Zamówione w lutym bezzałogowe aparaty latające Aerostar dostarczone do Afganistanu będą na razie eksploatowane na koszt producenta, do czasu wykonania wszystkich przewidzianych testów - poinformował w środę wiceminister obrony Marcin Idzik.

"Naszą rolą było zagwarantować jak najszybciej środki rozpoznawcze dla kontyngentu w Afganistanie" - powiedział Idzik. Dodał, że do czasu zakończenia wszystkich prób i ostatecznego skonfigurowania zestawów firma izraelska zaproponowała usługę przejściową - eksploatację na jej koszt, a z powodu niedotrzymania terminu producent wypłaci MON odszkodowanie i udzieli upustu od ceny.

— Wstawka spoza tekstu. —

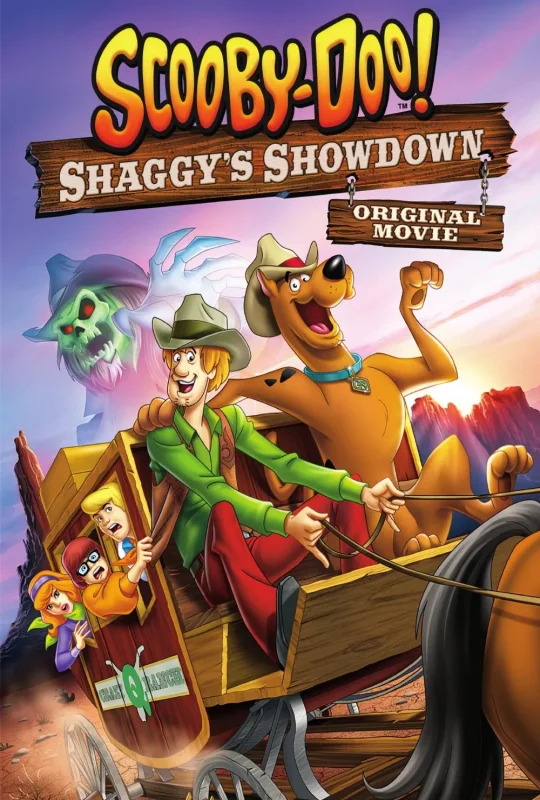 فيلم Scooby-Doo! Shaggy's Showdown 2017 مترجم اون لاين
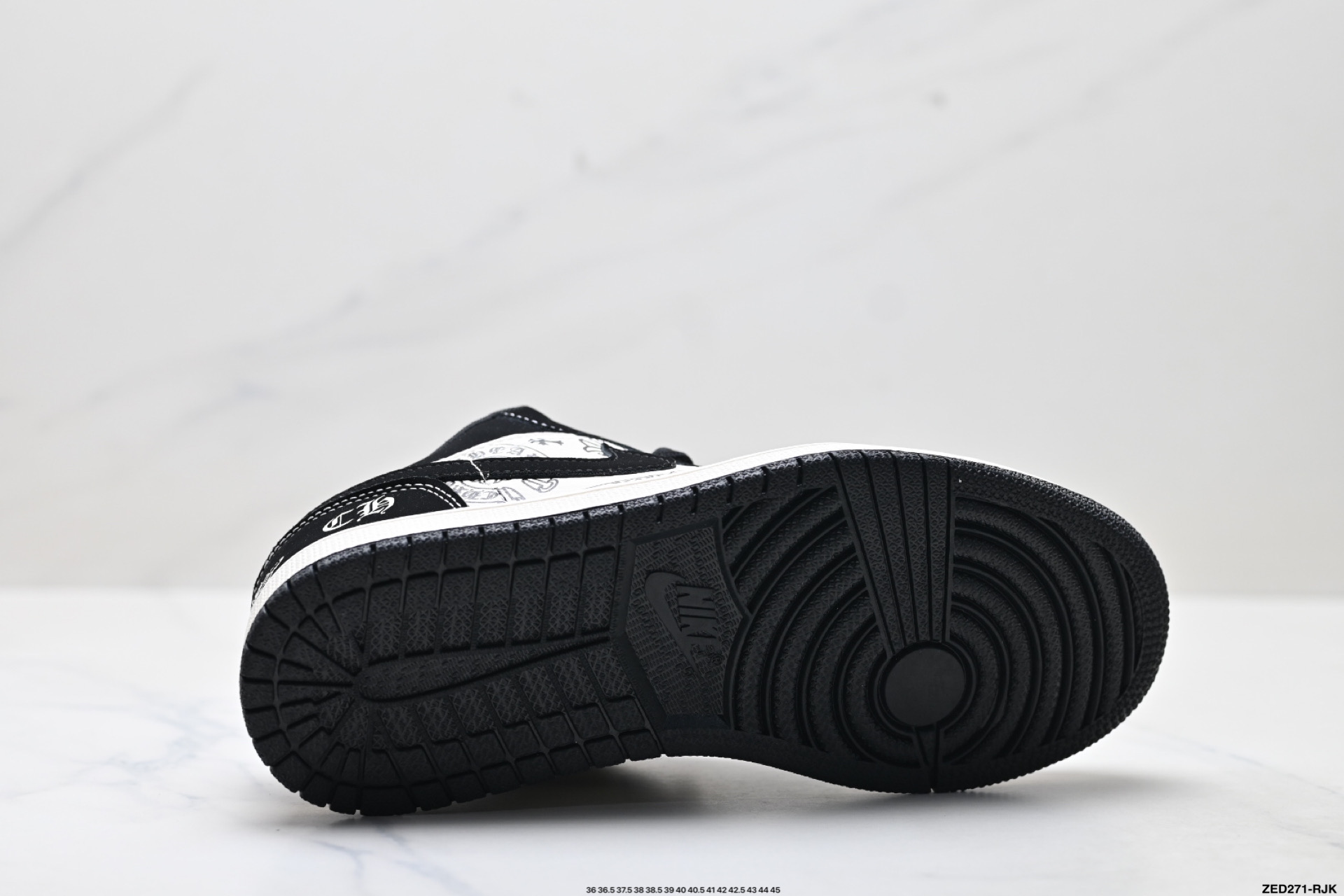 Nike Air Jordan 1 Low AJ1乔1低帮休闲板鞋 QJ2025-003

Umowę o dostawie dwóch zestawów rozpoznawczych średniego zasięgu MON podpisało z izraelską firmą Aeronautics pod koniec lutego, w ramach "pilnej potrzeby operacyjnej". Warty ok. 90 mln zł kontrakt przewidywał dostarczenie Polsce dwóch zestawów - po cztery statki latające i dwie naziemne stacje kontroli lotów w każdym. Jeden zestaw miał trafić do Afganistanu, drugi służyć do szkolenia w kraju.

"Przekazanie zestawów opóźnia się z powodów leżących po stronie dostawcy"

W ostatnich tygodniach Idzik zapowiadał, że przekazanie zestawów opóźnia się z powodów leżących po stronie dostawcy, który zobowiązał się do pokrycia części kosztów eksploatacji w początkowym okresie. Do sprawy wróciła środowa "Gazeta Wyborcza".

Dotychczas polskie wojsko posiadało jedynie bezzałogowe systemy rozpoznawcze krótkiego zasięgu - kupione przed kilku laty zestawy Orbiter, produkowane przez tę samą firmę Aeronautics Defense Systems. W Afganistanie od kilku miesięcy polscy żołnierze mogą korzystać także z wypożyczonych amerykańskich bezpilotowców typu Predator o większym zasięgu.